Are you really going to put a pocket door in an exterior wall?
How will you insulate and weather strip?


----------



## Gary in WA (Mar 11, 2009)

Around here, many framers used the exterior header stock (2x10 in your case) for interior doors as well. Ease of use. They were not thinking... unless the wall is perpendicular to the joists above- bearing on the wall. Any additional loads above will transmit down to/through that wall to earth below, hence the code requirements. Meet minimum code or exceed it and you will be fine if there are no "point loads" on the header (beam carrying more than it's own load, ridge beam post load, etc.). If there was a huge load above- the gap between header/filler plate below- wound not still be there, IMO. 

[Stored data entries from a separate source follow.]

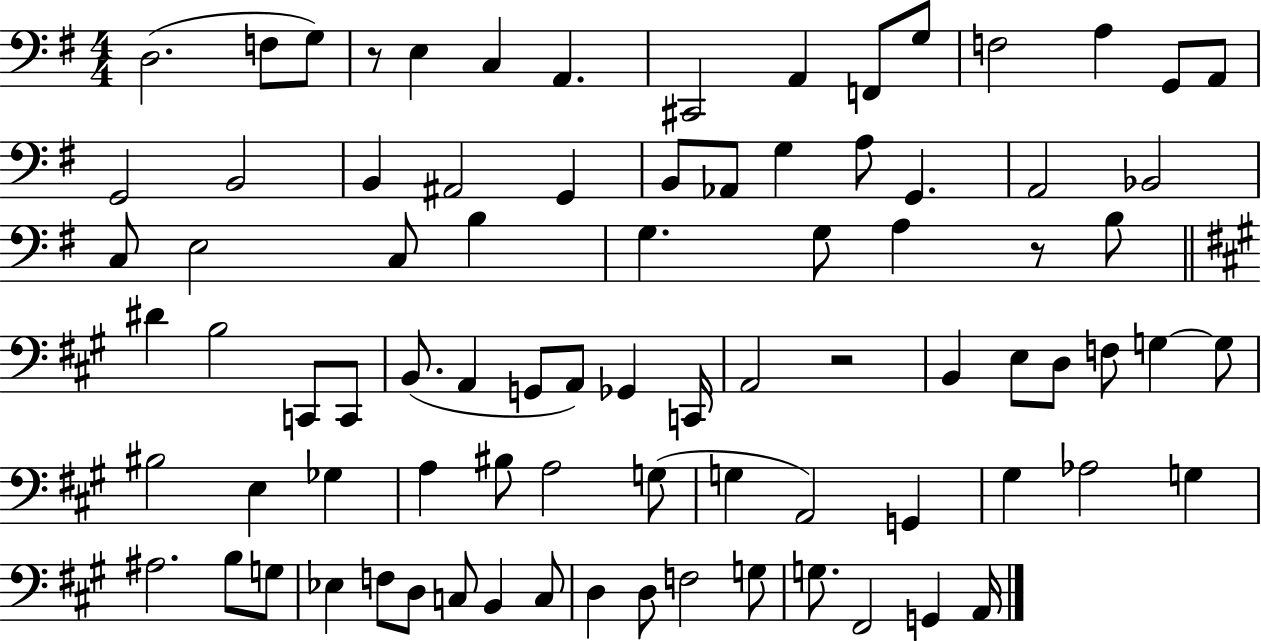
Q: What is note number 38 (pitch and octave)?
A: C2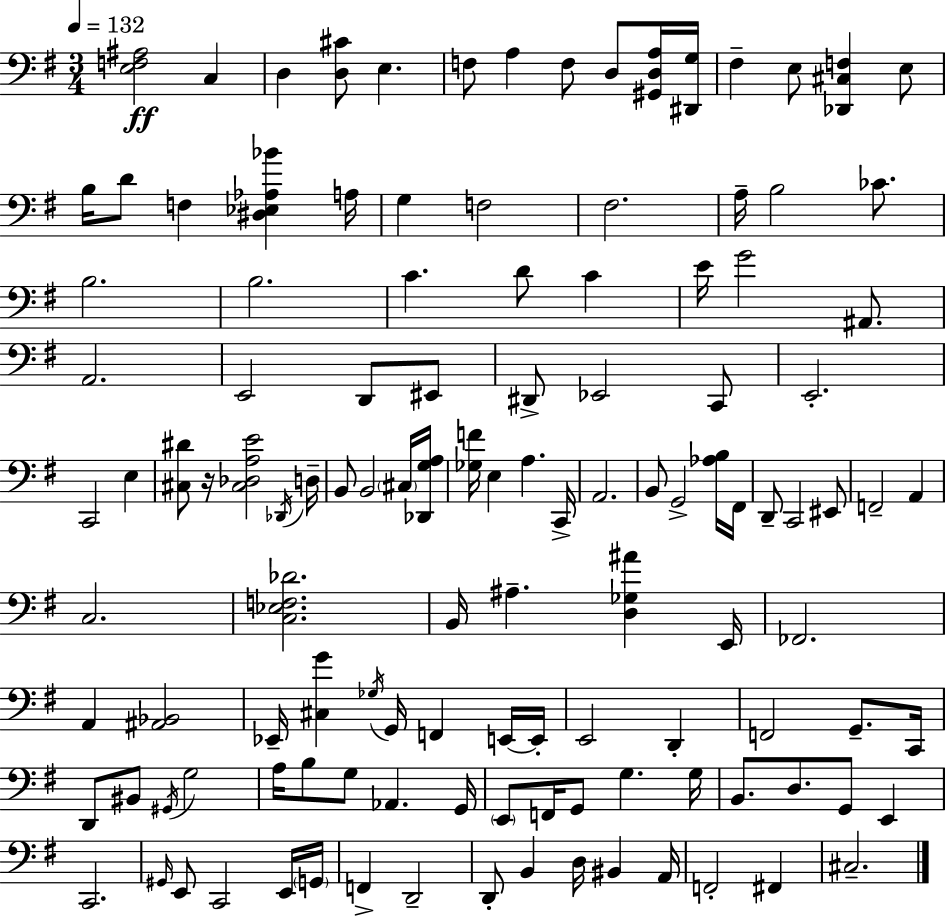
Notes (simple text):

[E3,F3,A#3]/h C3/q D3/q [D3,C#4]/e E3/q. F3/e A3/q F3/e D3/e [G#2,D3,A3]/s [D#2,G3]/s F#3/q E3/e [Db2,C#3,F3]/q E3/e B3/s D4/e F3/q [D#3,Eb3,Ab3,Bb4]/q A3/s G3/q F3/h F#3/h. A3/s B3/h CES4/e. B3/h. B3/h. C4/q. D4/e C4/q E4/s G4/h A#2/e. A2/h. E2/h D2/e EIS2/e D#2/e Eb2/h C2/e E2/h. C2/h E3/q [C#3,D#4]/e R/s [C#3,Db3,A3,E4]/h Db2/s D3/s B2/e B2/h C#3/s [Db2,G3,A3]/s [Gb3,F4]/s E3/q A3/q. C2/s A2/h. B2/e G2/h [Ab3,B3]/s F#2/s D2/e C2/h EIS2/e F2/h A2/q C3/h. [C3,Eb3,F3,Db4]/h. B2/s A#3/q. [D3,Gb3,A#4]/q E2/s FES2/h. A2/q [A#2,Bb2]/h Eb2/s [C#3,G4]/q Gb3/s G2/s F2/q E2/s E2/s E2/h D2/q F2/h G2/e. C2/s D2/e BIS2/e G#2/s G3/h A3/s B3/e G3/e Ab2/q. G2/s E2/e F2/s G2/e G3/q. G3/s B2/e. D3/e. G2/e E2/q C2/h. G#2/s E2/e C2/h E2/s G2/s F2/q D2/h D2/e B2/q D3/s BIS2/q A2/s F2/h F#2/q C#3/h.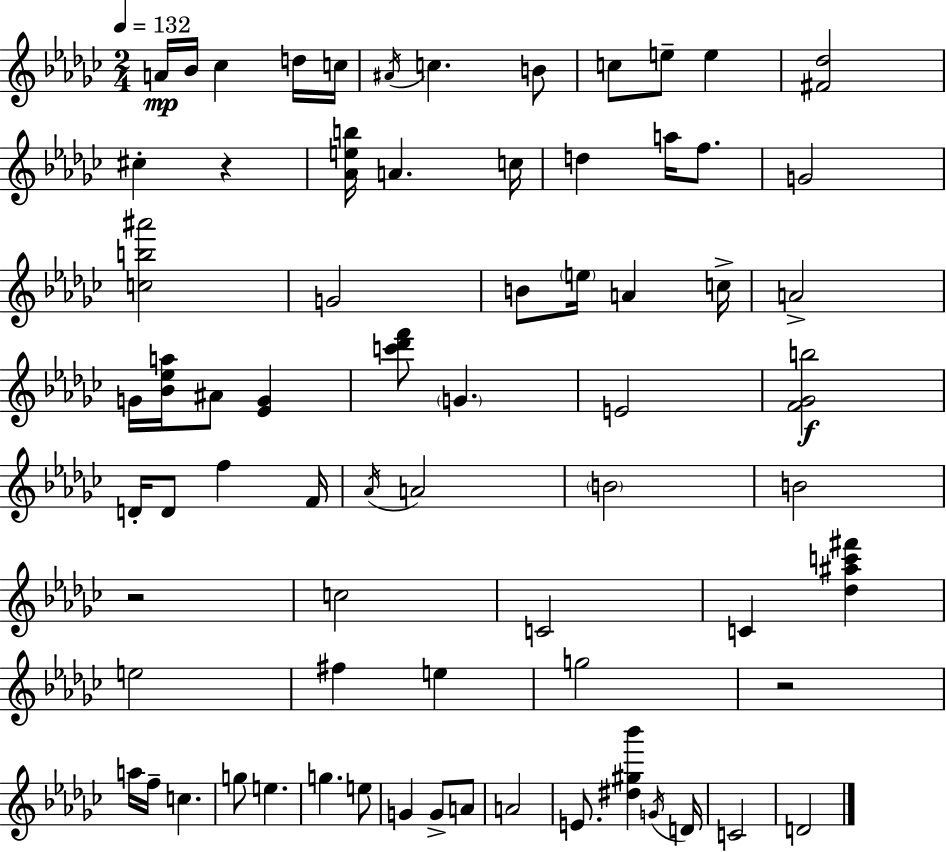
{
  \clef treble
  \numericTimeSignature
  \time 2/4
  \key ees \minor
  \tempo 4 = 132
  a'16\mp bes'16 ces''4 d''16 c''16 | \acciaccatura { ais'16 } c''4. b'8 | c''8 e''8-- e''4 | <fis' des''>2 | \break cis''4-. r4 | <aes' e'' b''>16 a'4. | c''16 d''4 a''16 f''8. | g'2 | \break <c'' b'' ais'''>2 | g'2 | b'8 \parenthesize e''16 a'4 | c''16-> a'2-> | \break g'16 <bes' ees'' a''>16 ais'8 <ees' g'>4 | <c''' des''' f'''>8 \parenthesize g'4. | e'2 | <f' ges' b''>2\f | \break d'16-. d'8 f''4 | f'16 \acciaccatura { aes'16 } a'2 | \parenthesize b'2 | b'2 | \break r2 | c''2 | c'2 | c'4 <des'' ais'' c''' fis'''>4 | \break e''2 | fis''4 e''4 | g''2 | r2 | \break a''16 f''16-- c''4. | g''8 e''4. | g''4. | e''8 g'4 g'8-> | \break a'8 a'2 | e'8. <dis'' gis'' bes'''>4 | \acciaccatura { g'16 } d'16 c'2 | d'2 | \break \bar "|."
}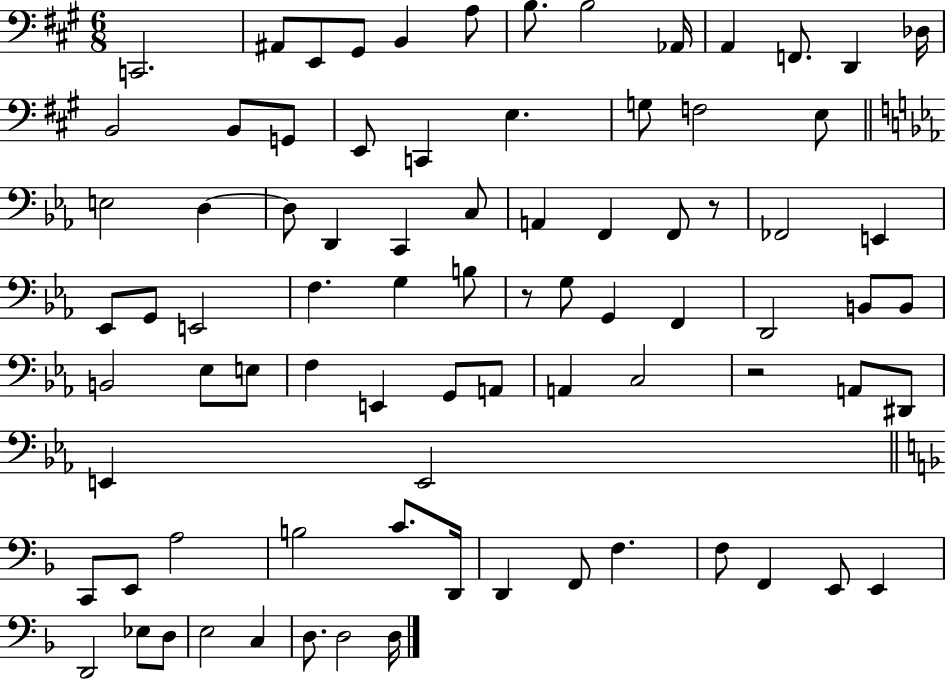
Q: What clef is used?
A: bass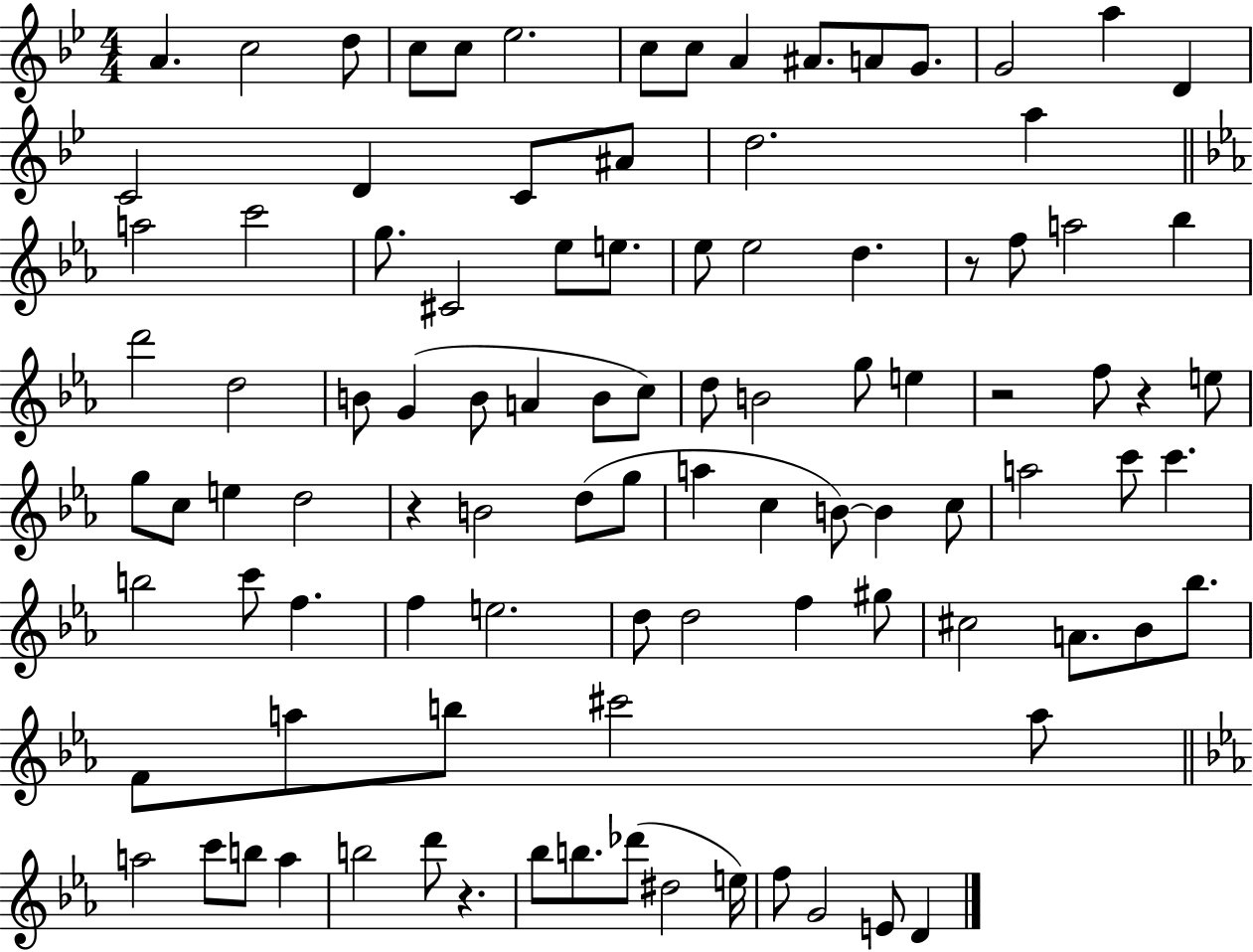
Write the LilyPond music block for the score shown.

{
  \clef treble
  \numericTimeSignature
  \time 4/4
  \key bes \major
  a'4. c''2 d''8 | c''8 c''8 ees''2. | c''8 c''8 a'4 ais'8. a'8 g'8. | g'2 a''4 d'4 | \break c'2 d'4 c'8 ais'8 | d''2. a''4 | \bar "||" \break \key c \minor a''2 c'''2 | g''8. cis'2 ees''8 e''8. | ees''8 ees''2 d''4. | r8 f''8 a''2 bes''4 | \break d'''2 d''2 | b'8 g'4( b'8 a'4 b'8 c''8) | d''8 b'2 g''8 e''4 | r2 f''8 r4 e''8 | \break g''8 c''8 e''4 d''2 | r4 b'2 d''8( g''8 | a''4 c''4 b'8~~) b'4 c''8 | a''2 c'''8 c'''4. | \break b''2 c'''8 f''4. | f''4 e''2. | d''8 d''2 f''4 gis''8 | cis''2 a'8. bes'8 bes''8. | \break f'8 a''8 b''8 cis'''2 a''8 | \bar "||" \break \key ees \major a''2 c'''8 b''8 a''4 | b''2 d'''8 r4. | bes''8 b''8. des'''8( dis''2 e''16) | f''8 g'2 e'8 d'4 | \break \bar "|."
}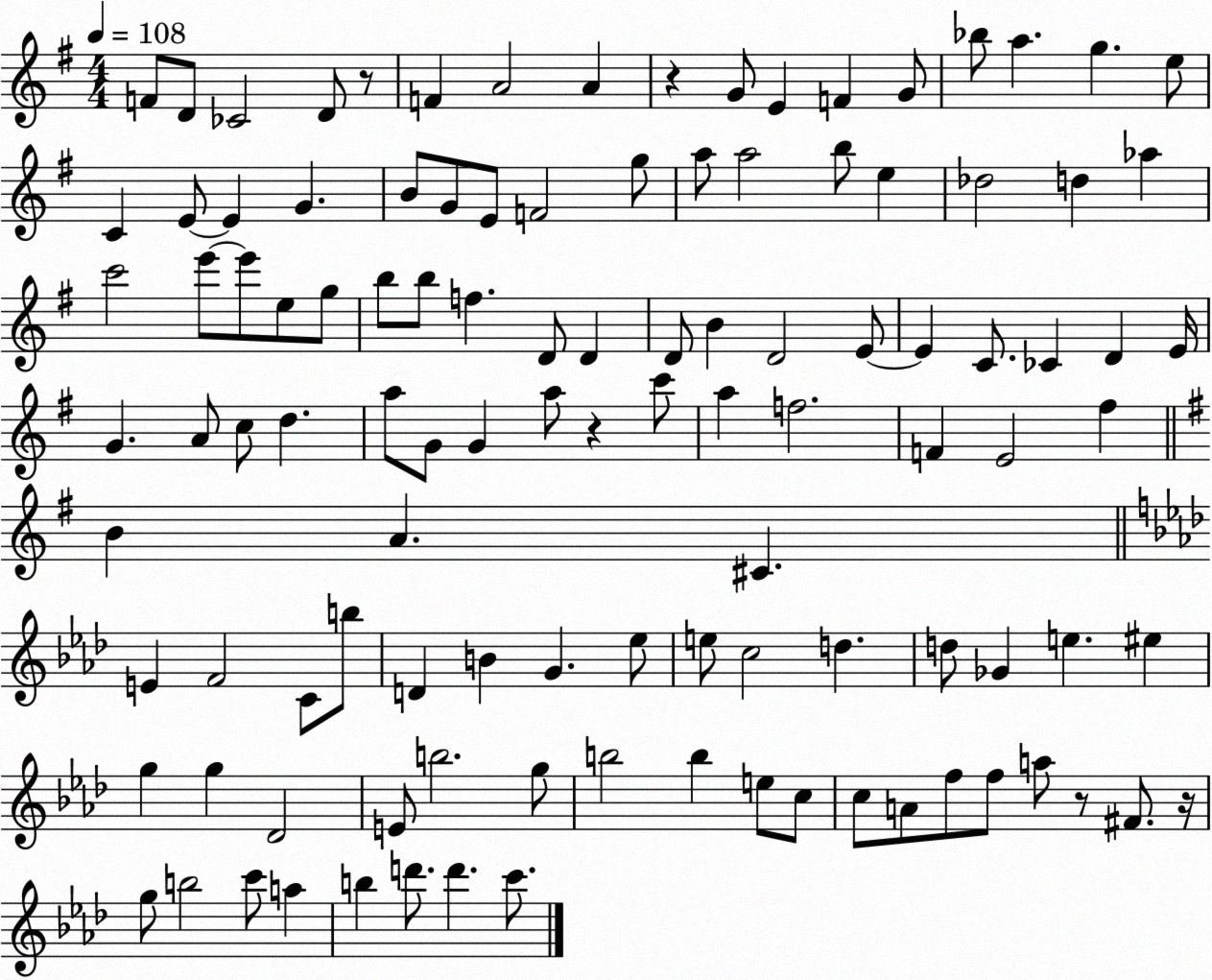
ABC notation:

X:1
T:Untitled
M:4/4
L:1/4
K:G
F/2 D/2 _C2 D/2 z/2 F A2 A z G/2 E F G/2 _b/2 a g e/2 C E/2 E G B/2 G/2 E/2 F2 g/2 a/2 a2 b/2 e _d2 d _a c'2 e'/2 e'/2 e/2 g/2 b/2 b/2 f D/2 D D/2 B D2 E/2 E C/2 _C D E/4 G A/2 c/2 d a/2 G/2 G a/2 z c'/2 a f2 F E2 ^f B A ^C E F2 C/2 b/2 D B G _e/2 e/2 c2 d d/2 _G e ^e g g _D2 E/2 b2 g/2 b2 b e/2 c/2 c/2 A/2 f/2 f/2 a/2 z/2 ^F/2 z/4 g/2 b2 c'/2 a b d'/2 d' c'/2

Temp support the ceilings on both sides of wall- carpet scrap on top/bottom, if needed on temp. wall, remove drywall, replace header with longer one per code, add jacks, remove temp walls, drywall/tape/texture.

Gary
PS. appears to be drywall on both side with an interior door.


----------



## oh'mike (Sep 18, 2009)

If the lumber is 1 1/2 x 9 1/4" you have a 2x10---the spec sheet for your pocket door frame will have the 'rough opening ' size---you need to frame the opening to that size----use a pair of 2x10s with a slice of 1/2" plywood to achieve the 3 1/2" thickness that you need for the header---

If that is a bearing wall( the heavy header does not necessarily mean that is a bearing wall--I use solid headers every where in new construction)--you may need to build a temporary wall to support the structure above---

Have you removed the ceiling drywall? If so--post a picture---


----------



## oh'mike (Sep 18, 2009)

Gary beat me to it:laughing:


----------



## Gary in WA (Mar 11, 2009)

Lol, I'm ALWAYS after someone else.... it feels pretty good.... 

Gary


----------



## BigJim (Sep 2, 2008)

Check out the nails in the ceiling joist in the first picture, the joists in that room do not rest on that wall but run the same way as the wall. I don't know if the joists in the next room rest on that wall or not.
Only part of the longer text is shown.